The Czech had never been past the quarter-finals in Marseille in four previous attempts, but has been having a fairly easy week as he carved his way into the finals this year. Tursunov was a former top 20 player, but his last semi-final appearance came in June 2011. Berdych offered the 119th ranked Russian a harsh reminder of the gap to the top even as the Moscowite continues his trek up the recovery trail. Berdych’s dominance was best explained by the numbers that made up the first set – he won all 16 of his service points, while taking every second point of his opponent’s serve to race away with the first set.

The runaway victory seemed minutes away at 4-0 in the second, but Tursunov finally offered a semblance of resistance – but Berdych was alert to the danger as he snuffed out both the break points to retain a stranglehold over the lopsided contest. Overall, Berdych won 65% of the points in the match indicating the supreme dominance of the Czech over Tursunov.

In the other semi-final Tsonga outplayed the 2007 champion Gilles Simon to reach his 16th career final and the second at Marseille. Tsonga had won the title at this tournament in 2009. Tsonga will look to improve his standing against the fiercely powerful Berdych in their seventh tour level meeting. The Czech has a 4-2 edge over his opponent.

Tsonga was a surprisingly easy winner over Simon. The world No.8 turned on a stellar show against the clueless Simon who folded rather meekly to present an abject picture of surrender. Tsonga won nearly half of Simon’s first serve points to constantly pile pressure on the world No. 13 and earn as many as ten break points. The flamboyant man converted four of those chances, while saving all three break points faced to clinch an easy victory. It was a match in stark contrast for Tsonga, who led a charmed existence to save five match points before putting it past Bernard Tomic in the quarter-finals. In the semi-finals, Tsonga won the last five games to advance through to the finals in a big rush.

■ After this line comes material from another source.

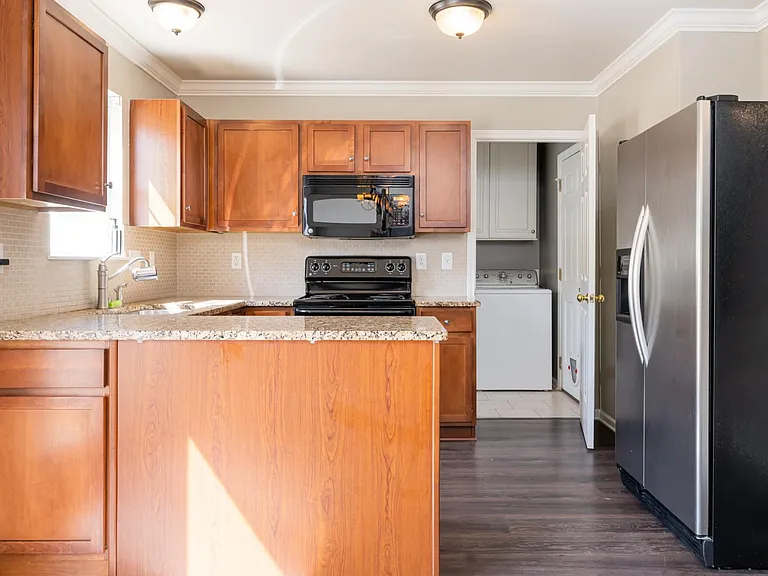 130 Lanceford Cir — Photo 10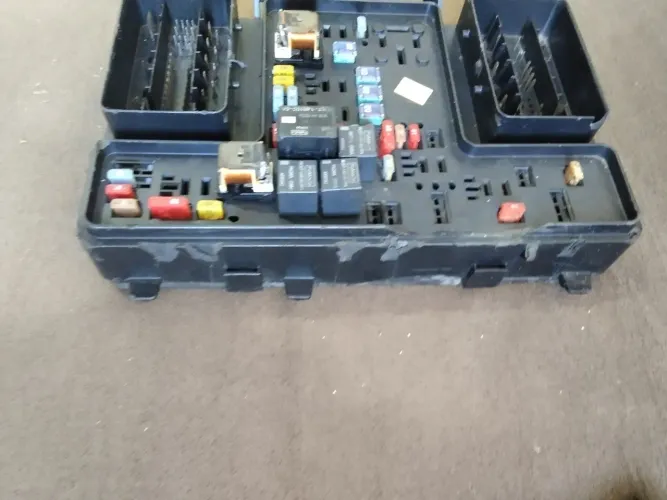 Caixa fusível fusion ranger 2.0 2.2 com detalhes no plastico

Meanwhile, the doubles final shall be contested between erstwhile team members, now playing with different partners. Rohan Bopanna and Colin Fleming were made to work in the first set by Julian Knowle and Filip Polasek, before the Indo-Brit pair eased into the finals with a 7-5, 6-1 victory on Friday night. Bopanna-Fleming will play the top seeded Aisam-Ul-Haq Qureshi and Jean-Julien Rojer on Sunday for their first title together. Qureshi-Rojer outsmarted the pairing of Nicholas Mahut and Edouard Roger-Vasselin 6-3, 6-1 in less than an hour.